The Sixth International Conference on Open Repositories convened in Austin, Texas on June 8, 2011, bringing people from all over the world together to focus on how repositories might be more closely integrated into the technically and community-driven digital scholarly landscape. The program consisted of 24 general track presentations and four blocks of 24/7's (24 slides presented in 7 minutes) under the broad theme of "Collaboration and Community". Institutional repositories do not stand alone — they are mechanisms for advancing policy and best practices that must co-exist with other systems. This conference showed that in order for repositories to continue to meet the changing needs of knowledge organizations, there is much interesting work to be done to develop repository communities and collaborations, in support of preserving the scholarly record in open repositories.

 
 
Photographs of the conference site

Views of the University of Texas at Austin campus.

 

The Sixth International Conference on Open Repositories once again brought people from all over the world together to focus on how repositories might be more closely integrated into the technically and community-driven digital scholarly landscape. The main program got underway on June 8, 2011 in Austin Texas with introductions from Conference host Mark McFarland, University of Texas, and Conference Program Chair Tom Cramer, Stanford University. Cramer offered details about how the popular OR Conference had grown. This year OR11 received 160 submissions from more than 250 authors on 6 continents. The program consisted of 24 general track presentations and four blocks of 24/7s (24 slides presented in 7 minutes) under the broad theme of "Collaboration and Community." Meetings, workshops, a poster session, sponsor-led events and a CURATECamp were all part of pre- and post-conference activities. The ever-popular JISC-sponsored Developer Challenge yielded out-of-the-box demonstrations of new concepts around how repositories and evolving technologies might better meet the needs of knowledge organizations. The almost weeklong conference wrapped up with DSpace, Eprints and Fedora User Group meetings held on June 10 and 11.

 

Leading an open source meritocracy

Jim Jagielski, President, Apache Software Foundation (ASF), opened the program with a keynote address entitled, "Open Source: It's Not Just for IT Any More." His talk was focused on the democratic and community-driven open source approach to writing software used to develop many of the world's most successful technologies. He is a self-proclaimed open source and IT enthusiast in all things web and cloud-related, and a core developer of Apache.
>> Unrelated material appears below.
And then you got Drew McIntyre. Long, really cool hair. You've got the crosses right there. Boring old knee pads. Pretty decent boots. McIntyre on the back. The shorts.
He believes that information technology development is now being led by open source-style initiatives and projects. The ASF exists to support the open source software development model by providing:

  • A legal infrastructure so that developers can do what they want
  • Two related operational units: development and administration
  • A direction in the development of software code that puts it in the hands of developers
  • A vision that code will be community-created, and exceptional
 

Secret sauce for creating community

With more than 70 active ASF projects Jagielski suggests that open source development allows each person who contributes code to have an impact on the IT industry. The draw of open source is that it creates an environment where the makers or developers are connected with the meaning behind their contributions.

Those outside the OS development world often wonder "how crazy are these people?" Money is not exchanged, but institutional resources do change hands. Access to source code and the "tinkering" factor draw geeks to a process that places their skills at the center of an iterative development process.
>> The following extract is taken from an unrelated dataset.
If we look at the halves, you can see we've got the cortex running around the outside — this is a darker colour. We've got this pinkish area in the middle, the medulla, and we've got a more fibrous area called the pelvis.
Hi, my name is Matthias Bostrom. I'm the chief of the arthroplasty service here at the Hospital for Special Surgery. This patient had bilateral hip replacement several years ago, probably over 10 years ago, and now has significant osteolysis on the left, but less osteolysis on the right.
Jagielski suggests that there is an Open Source ladder of licensing — give me credit, give me fixes, give me everything — that is relative to how much intangible benefit a code contributor receives in exchange for work on a particular project.

Community-created software code works mainly because participants love writing code. By creating a grassroots, peer-based atmosphere of mutual respect and trust where all votes hold the same weight the Apache Software Foundation (ASF) has enabled the development of valuable software by and for a community of developers.

 

A community of reporters

It may have been the dynamic conference content, or perhaps the ample quantities of southwest-style beef barbeque and music that inspired an avalanche of OR11 posts and tweets from attendees. Reports included interesting, on-the-spot reflections, reviews, analyses, and in-depth summaries of emerging technologies, trends, implementations and impressions in posts and tweets written by OR11 conference participants.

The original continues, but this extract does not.